_Aim of the exercise_
Copy out exactly, from the entries that follow, the line holding "review photo of", the line holding "Ролик колесо для пресса Torneo", and all lines between them, but no pictures.

[[ Material for this exercise, beginning ]]

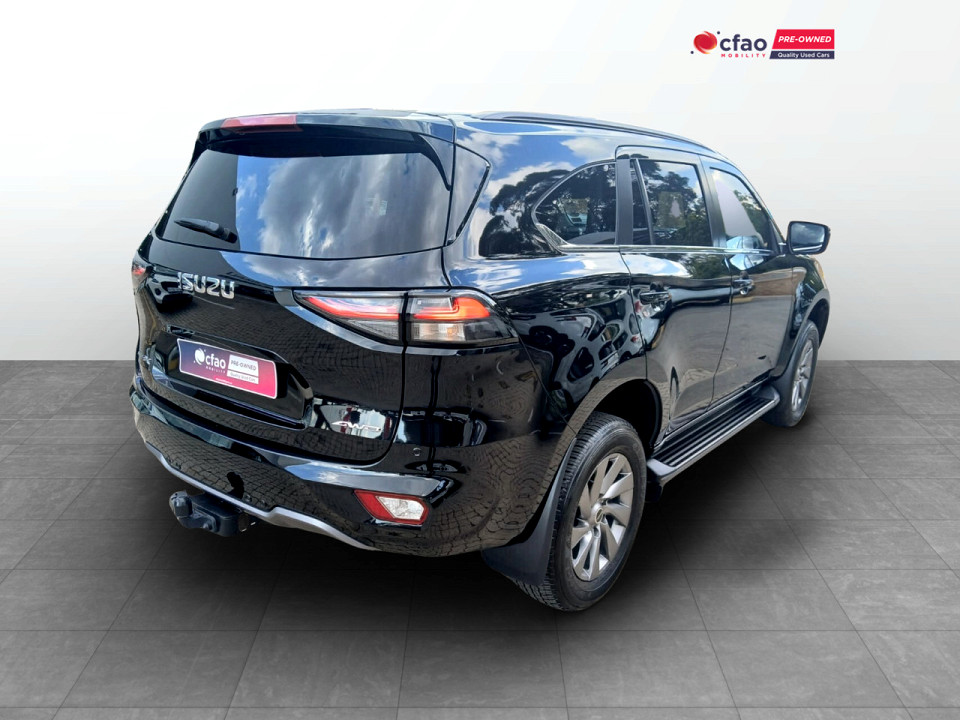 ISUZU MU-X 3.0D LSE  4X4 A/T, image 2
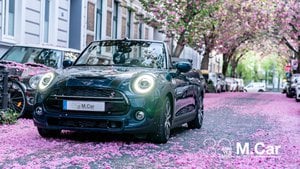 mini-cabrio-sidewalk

[[ Material for this exercise, end ]]
[[ Material for this exercise, beginning ]]

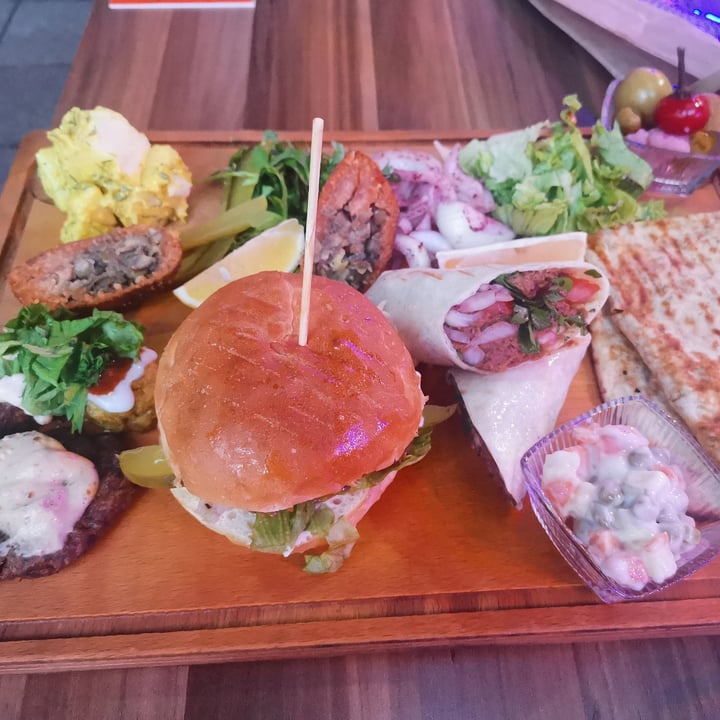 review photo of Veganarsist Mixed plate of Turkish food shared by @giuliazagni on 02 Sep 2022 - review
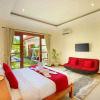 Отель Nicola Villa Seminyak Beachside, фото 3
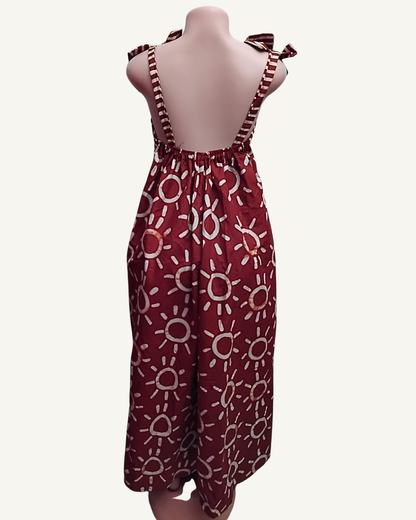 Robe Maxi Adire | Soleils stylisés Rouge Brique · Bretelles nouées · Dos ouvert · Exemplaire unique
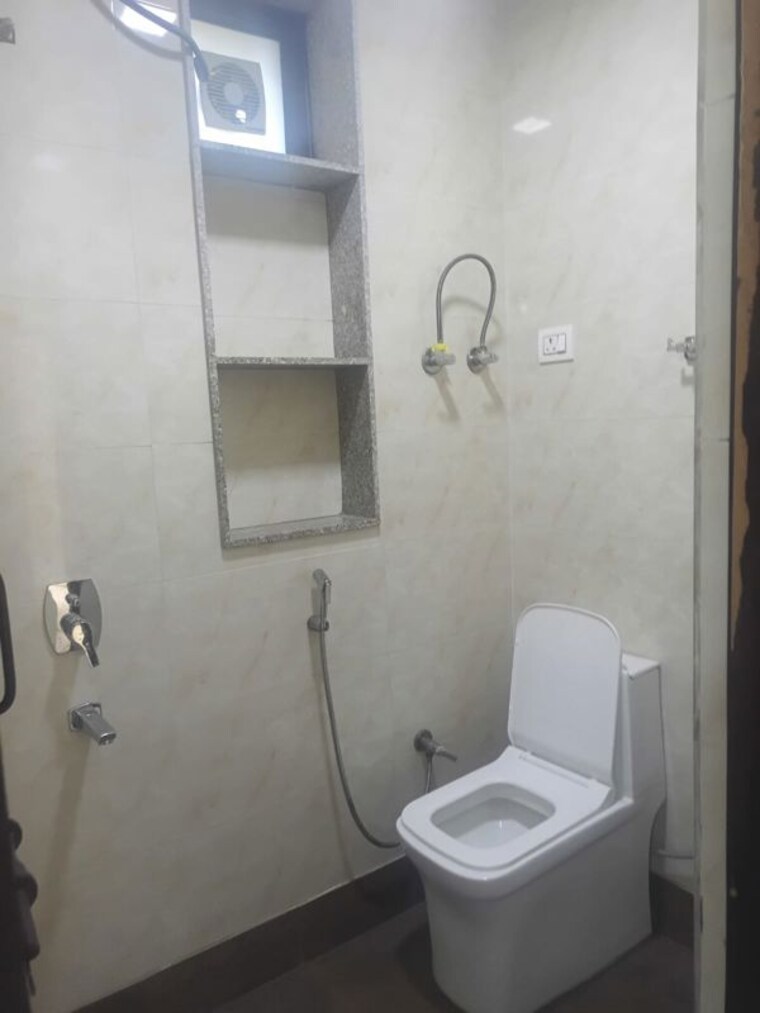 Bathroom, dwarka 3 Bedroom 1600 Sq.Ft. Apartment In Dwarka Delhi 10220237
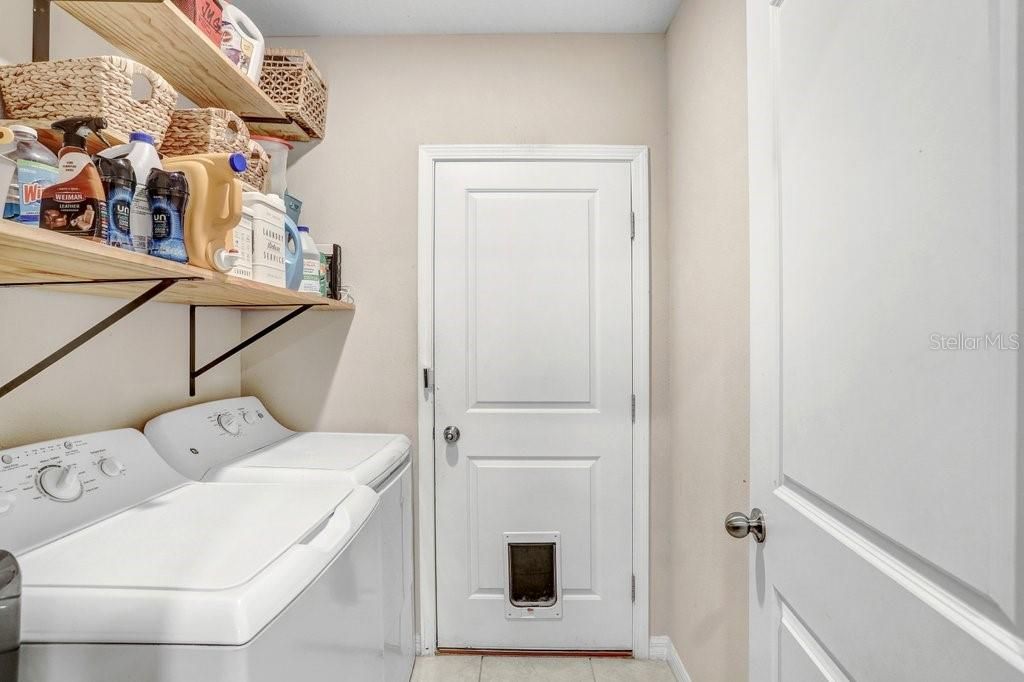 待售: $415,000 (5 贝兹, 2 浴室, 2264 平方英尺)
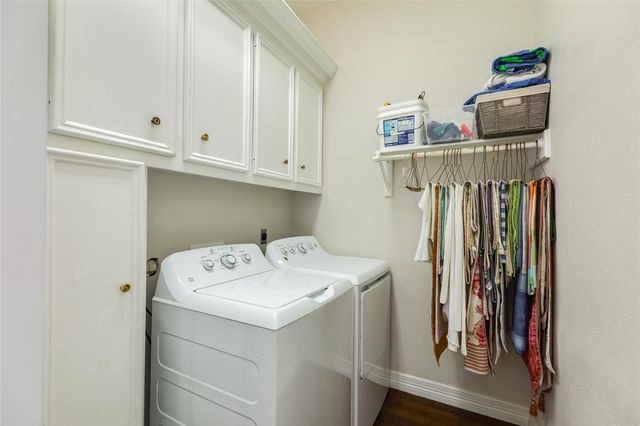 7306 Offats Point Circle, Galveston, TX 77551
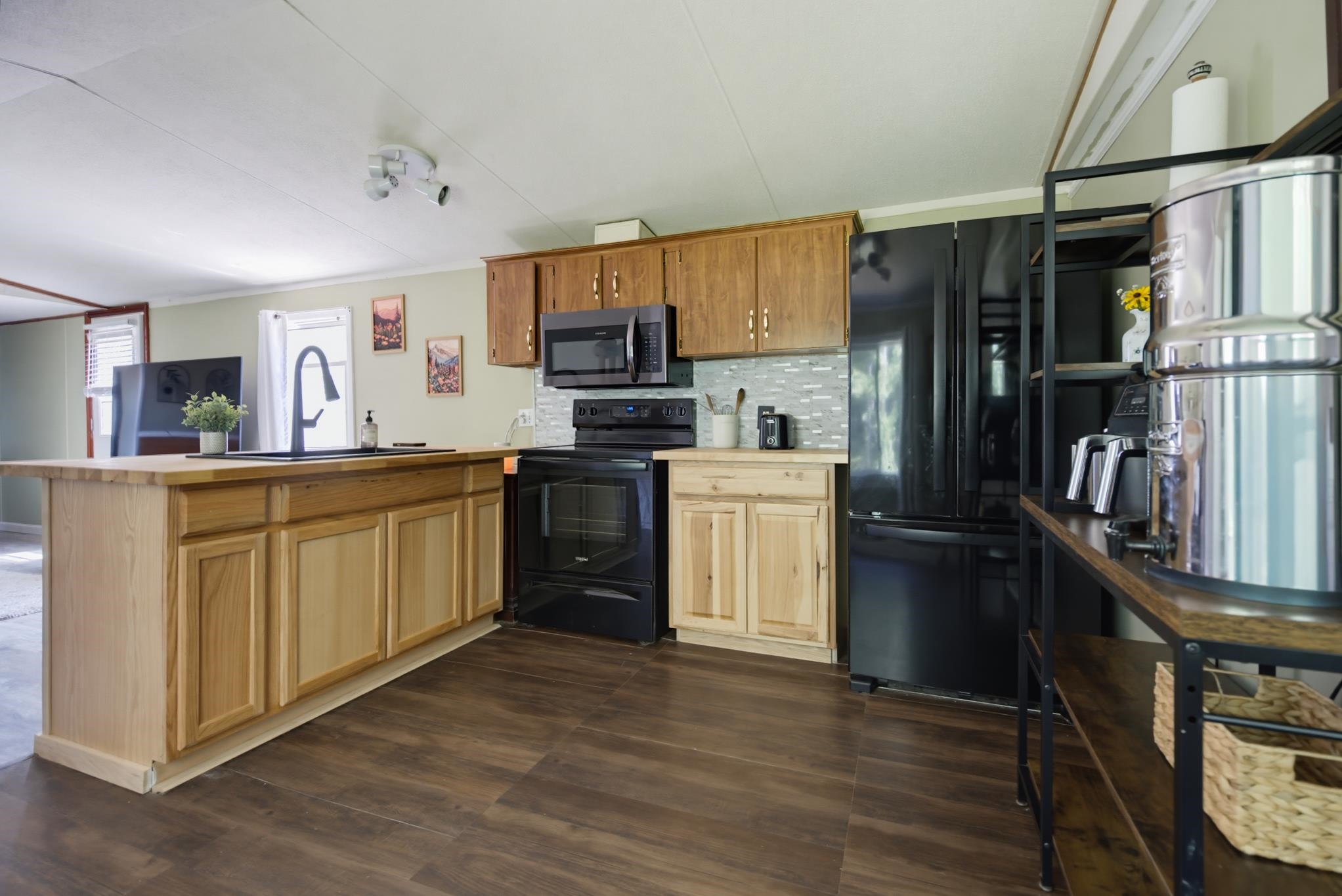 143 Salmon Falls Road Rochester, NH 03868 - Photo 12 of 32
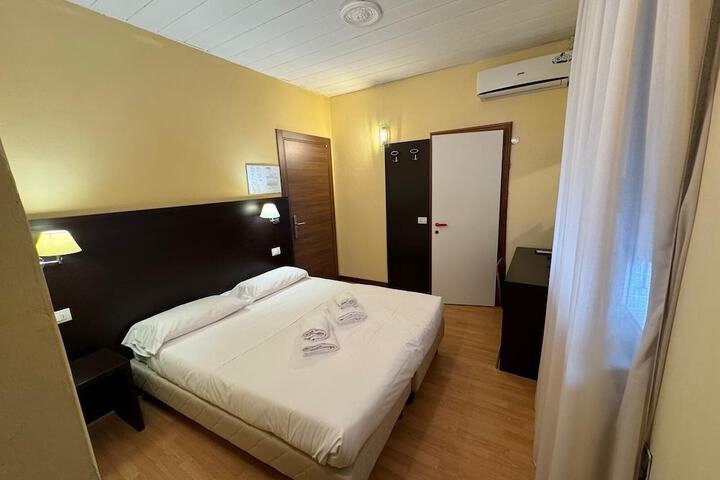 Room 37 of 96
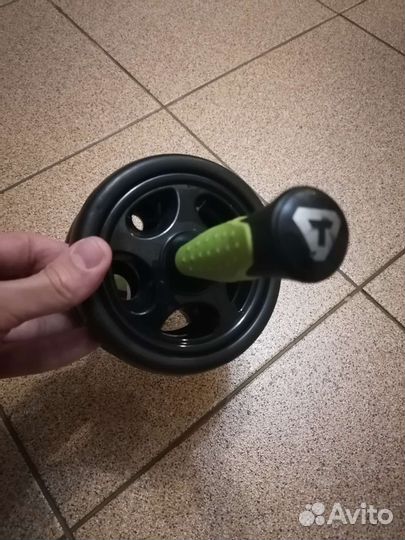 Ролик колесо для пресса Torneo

[[ Material for this exercise, end ]]
[[ Material for this exercise, beginning ]]

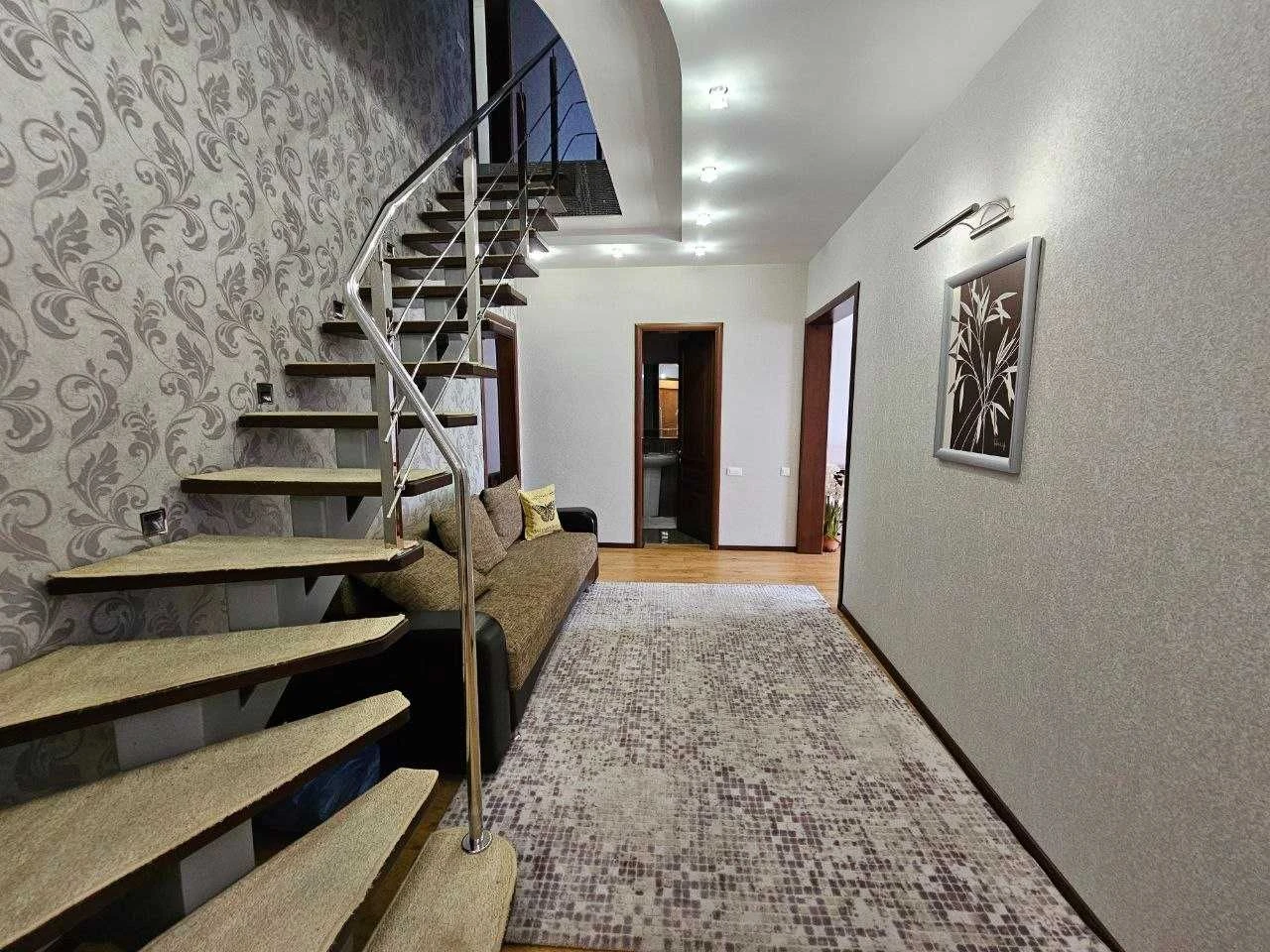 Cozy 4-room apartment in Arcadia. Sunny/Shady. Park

[[ Material for this exercise, end ]]

_Written reply_
 review photo of Veganarsist Mixed plate of Turkish food shared by @giuliazagni on 02 Sep 2022 - review
 Отель Nicola Villa Seminyak Beachside, фото 3
 Robe Maxi Adire | Soleils stylisés Rouge Brique · Bretelles nouées · Dos ouvert · Exemplaire unique
 Bathroom, dwarka 3 Bedroom 1600 Sq.Ft. Apartment In Dwarka Delhi 10220237
 待售: $415,000 (5 贝兹, 2 浴室, 2264 平方英尺)
 7306 Offats Point Circle, Galveston, TX 77551
 143 Salmon Falls Road Rochester, NH 03868 - Photo 12 of 32
 Room 37 of 96
 Ролик колесо для пресса Torneo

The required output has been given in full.